In recent years, there is an increased interest in the applications of underwater acoustic networks (UANs). Currently, floating nodes are used to interface the UAN through radio links to non-sea-based units and to correlate the position of underwater nodes to a global coordinate system. However, such an approach could be impractical for extended missions, ineffective for rapid response scenarios, and/or undesirable for covert operations. Moreover, little attention has been paid to mitigating frequent breaks in UAN connectivity due to node drifts and time varying property of the underwater environment. To address these issues, this research project promotes the development of innovative communication mechanisms for interfacing UANs directly to an aerial mobile unit (AMU) without the need of floating nodes. The outcome can boost the effectiveness of many civil and scientific applications of a national and international interest. Examples of these applications include search-and-rescue, coastal patrol, oceanographic data collection, environmental monitoring, assisted navigation, and security surveillance. Furthermore, the project will enrich the undergraduate and graduate curricula in computer networks, wireless communication, sensor networks, lasers, and embedded and distributed systems. Outreach to local community colleges and high schools is planned in order to publicize underwater researches and recruit students to STEM education. UMBC's the Meyerhoff Scholarship, and CWIT (Center for Women & Info. Tech.) programs will be exploited to actively recruit female and minority students.
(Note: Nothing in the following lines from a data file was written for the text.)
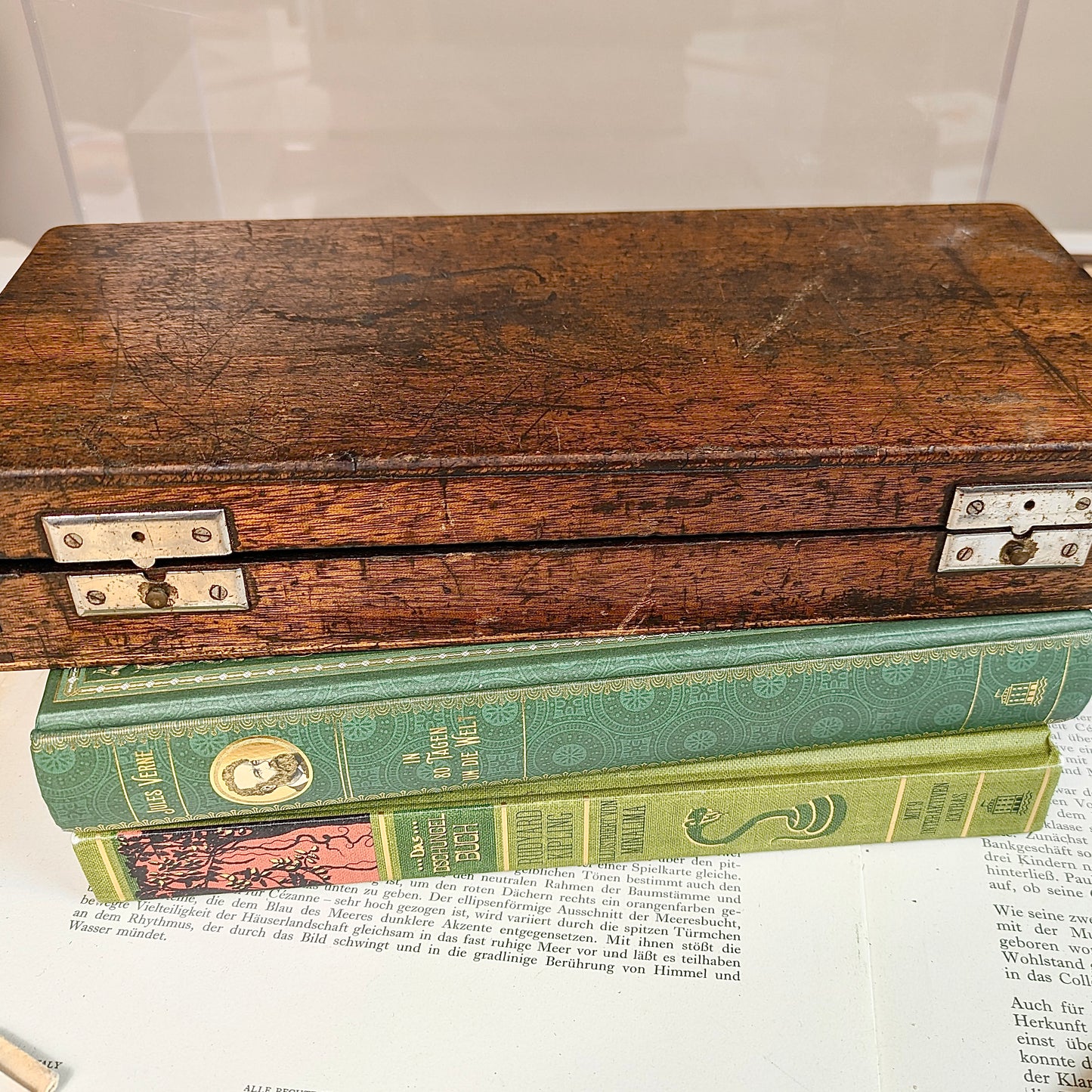 Thickness gauge box light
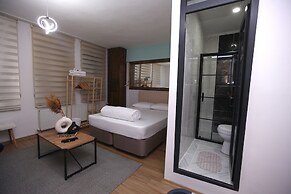 Aden Room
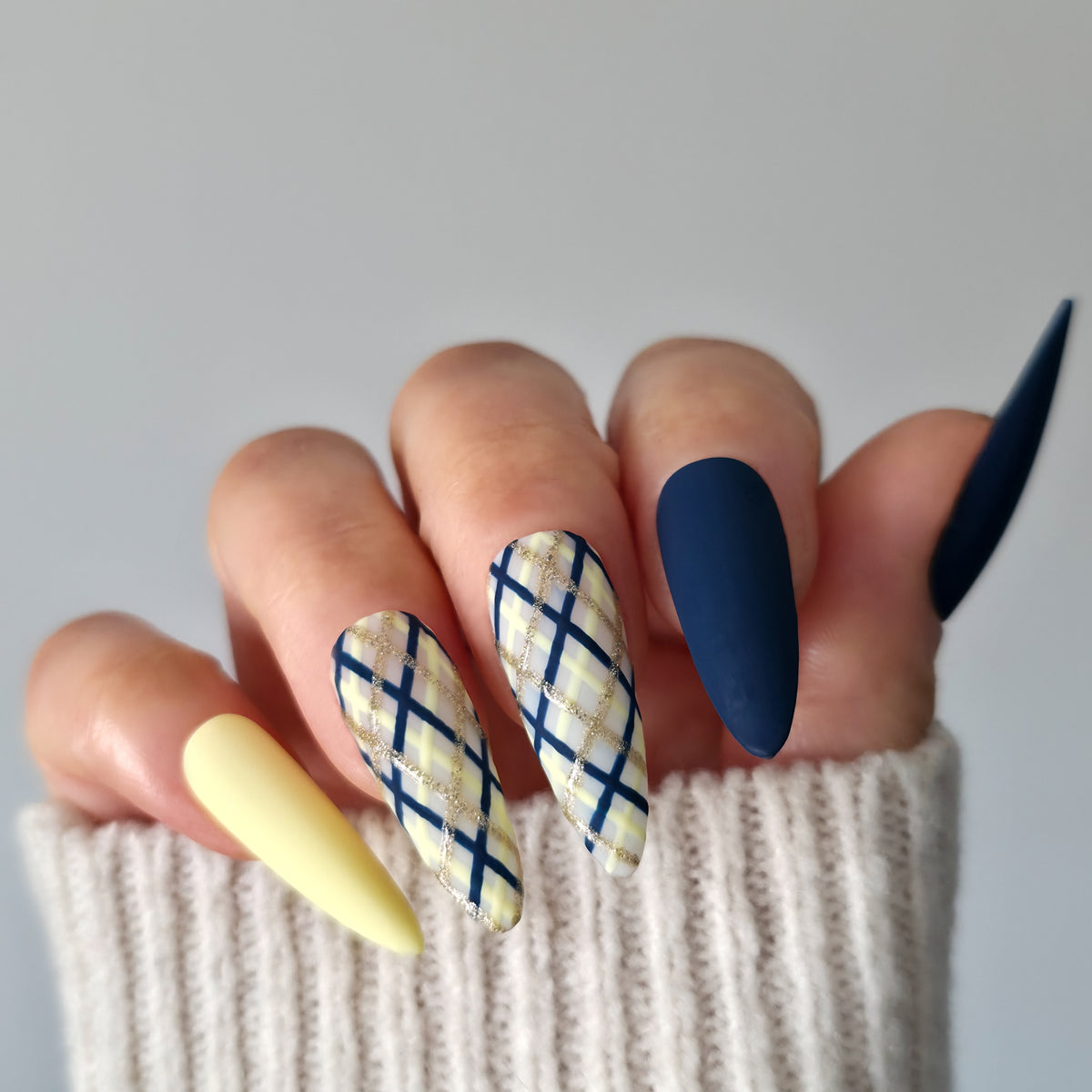Blueberry & Buttercream Argyle Custom Press-On Nail Set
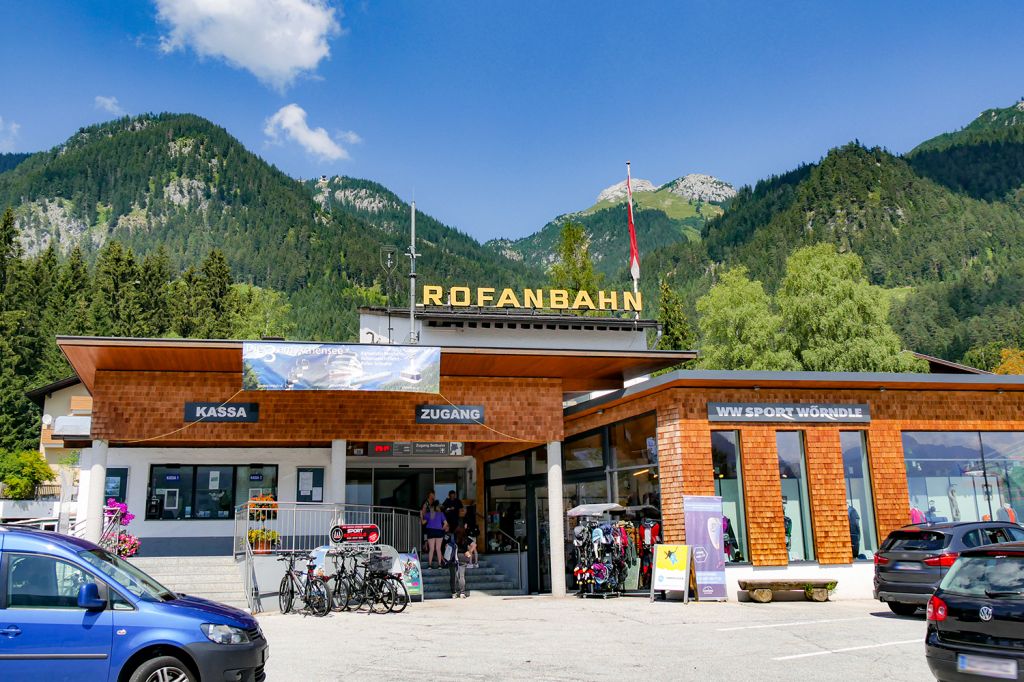 Die Talstation der Rofanseilbahn - Die Talstation ist wenig spektakulär, aber gut zu erreichen. - © alpintreff.de - Christian Schön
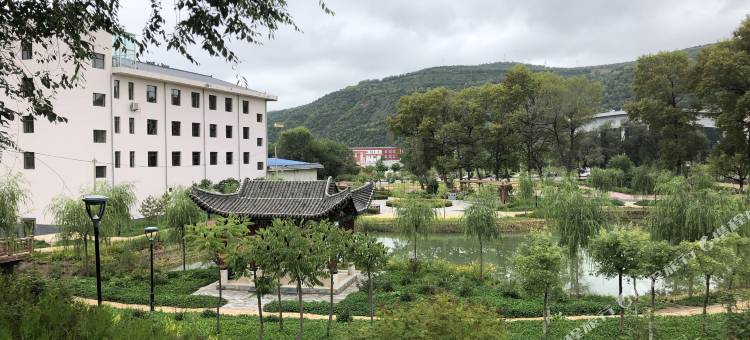 隆德龙苑宾馆图片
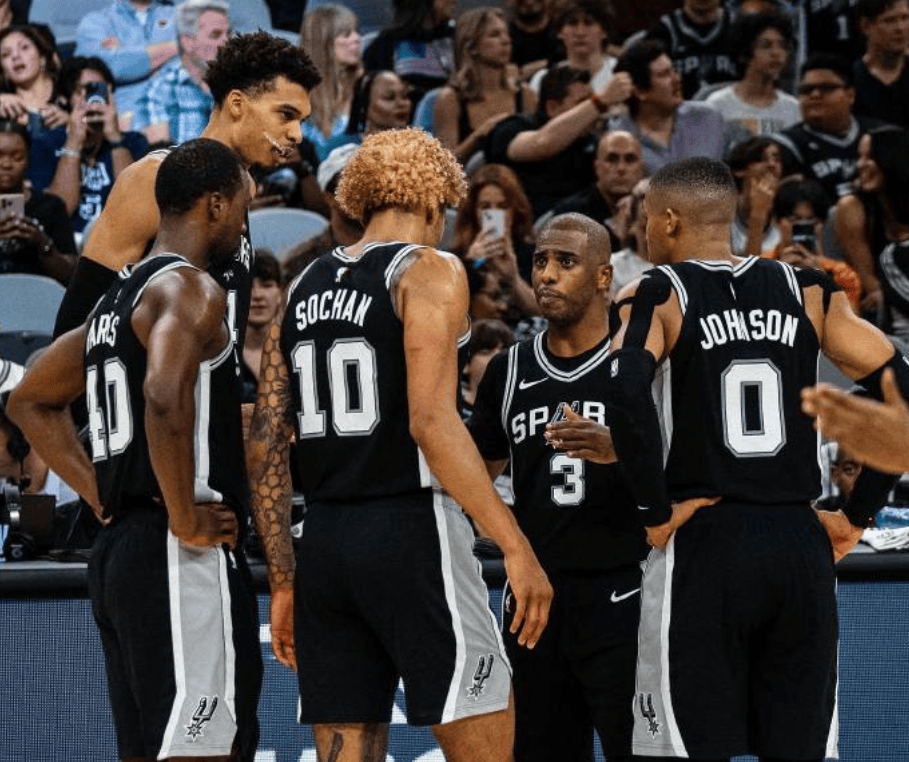 斯基拉：巴黎FC有意把坎特带回法甲，双方已经开始谈判（斯基拉：巴黎FC盼迎坎特回归法甲，已开启谈判）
The project opts to develop a suite of protocols enabling direct two-way communication between UANs and AMUs. These protocols are then leveraged to extend the global coordinate system in the underwater environment to aid in localization and topology management. The specific technical contributions are: (1) Develop protocols for reliable bidirectional communication between the UAN and an AMU. The optoacoustic effect will be utilized to create a downlink where encoded underwater acoustic signals are generated by directing airborne laser beams to the water surface. The uplink, on the other hand, is established by means of a laser Doppler vibrometer that will detect impinging and protrusion caused by an incident acoustic transmission from an underwater node onto the water surface; (2) Devise encoding and modulation schemes to suit transmission across the air-water interface. Fundamental limitations in terms of underwater reach, effective channel capacity, bit error rate, etc., will be studied; (3) Develop a network discovery and localization protocol that leverages communication with the AMU to enable the establishment of underwater global coordinate system. This is accomplished by utilizing the aerial vehicle in making encoded optoacoustic transmissions to generate reference points on the water surface linked to a terrestrial global coordinate system, e.g. GPS; (4) Develop topology management protocols that utilizes the AMUs in mitigating node drifts and re-establishing broken acoustic links with a node or an isolated block of nodes. Validation is planned through test-beds and field experiments.
This award reflects NSF's statutory mission and has been deemed worthy of support through evaluation using the Foundation's intellectual merit and broader impacts review criteria.